Filmkritiken

ALTSTARS IM UNTERGRUND

Robert Redford hat die 70 schon längst überschritten, denkt aber nicht ans Aufhören und ist in diesem Polit-Thriller als alter Fuchs immer allen einen Schritt voraus – was aber auch kein Kunststück ist, wenn man zugleich selber Regie führt.

Doch er inszeniert nicht nur sich selbst, sondern hat die beste Gesellschaft gewählt, denn neben ihm agieren z.B. Julie Christie, Susan Sarandon, Nick Nolte, Stanley Tucci und als Jungstar Shia LaBeouf, der in Gestalt des hartnäckigen Lokalreporters Ben Shepard die ganze Affäre erst auslöst. Er deckt nämlich auf, dass der angesehenen Anwalt Jim Grant eigentlich ein ganz anderer ist und seit drei Jahrzehnten unter einer angenommenen Identität lebt. In den frühen 70er Jahren war Grant ein Mitglied der radikalen Weather Underground-Gruppe, noch kürzer „The Weathermen“. Benannt nach der Textzeile „You don't need a weatherman to know which way the wind blows“ aus dem Dylan-Song "Subterranean Homesick Blues", war die Gruppierung im Zuge der Vietnam-Protestbewegung für etliche Bombenattentate auf Regierungsgebäude verantwortlich.

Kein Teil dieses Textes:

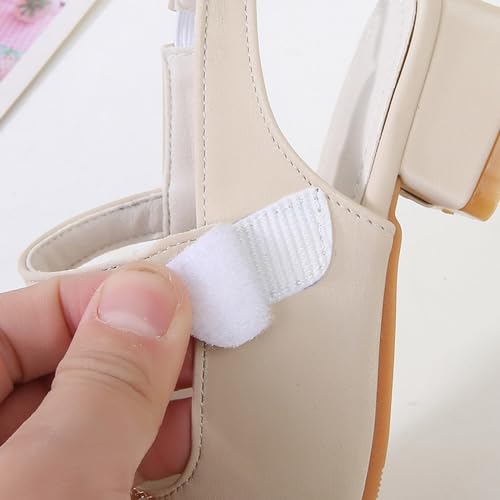 IWIHMIV Little Girls Sandals Girls' Sandals Toddler Girls Sandals Girls Sandals Closed Toe Summer Heels Dress Sandals4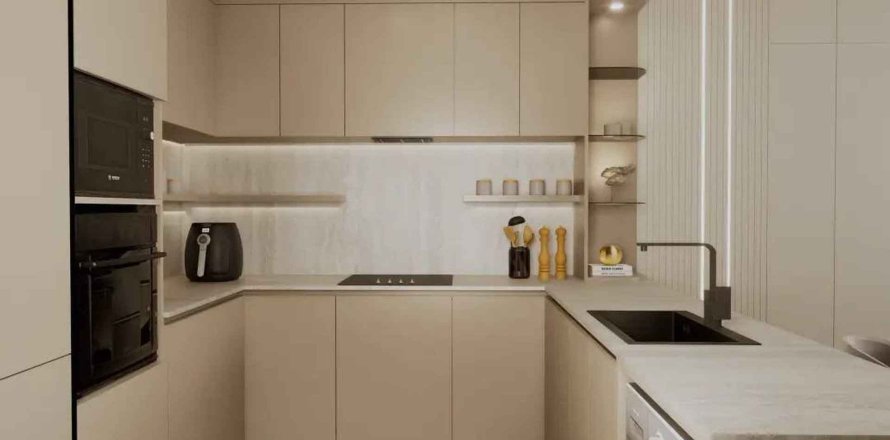 阿联酋 Dubai Jumeirah Village Triangle 公寓 ALTAI TOWER  1 卧, 84.81 平方米 , 编号 700301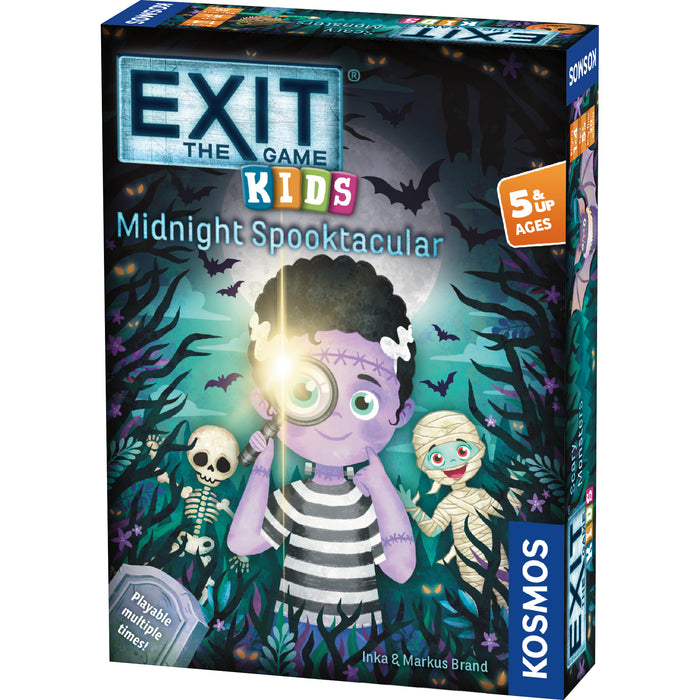 Board Games Thames and Kosmos - EXIT - Kids - Midnight Spookatcular - Cardboard Memories Inc.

Grant steht jedenfalls seit damals auf der Fahndungsliste des FBI und wird wegen seiner angeblichen Beteiligung an einem Banküberfall mit Todesfolgen gesucht. Nun zieht sich die Schlinge um ihn zusammen, weil der übereifrige Journalist nicht locker lässt. Grant ist gezwungen, erneut unterzutauchen, sucht den Kontakt zu einstigen Mitverschwörern und hangelt sich von einem zum andern weiter, was uns Gelegenheit gibt, zu sehen, ob die früheren Aktivisten ihren Idealen treu geblieben oder auf die Seite des Klassenfeindes übergewechselt sind.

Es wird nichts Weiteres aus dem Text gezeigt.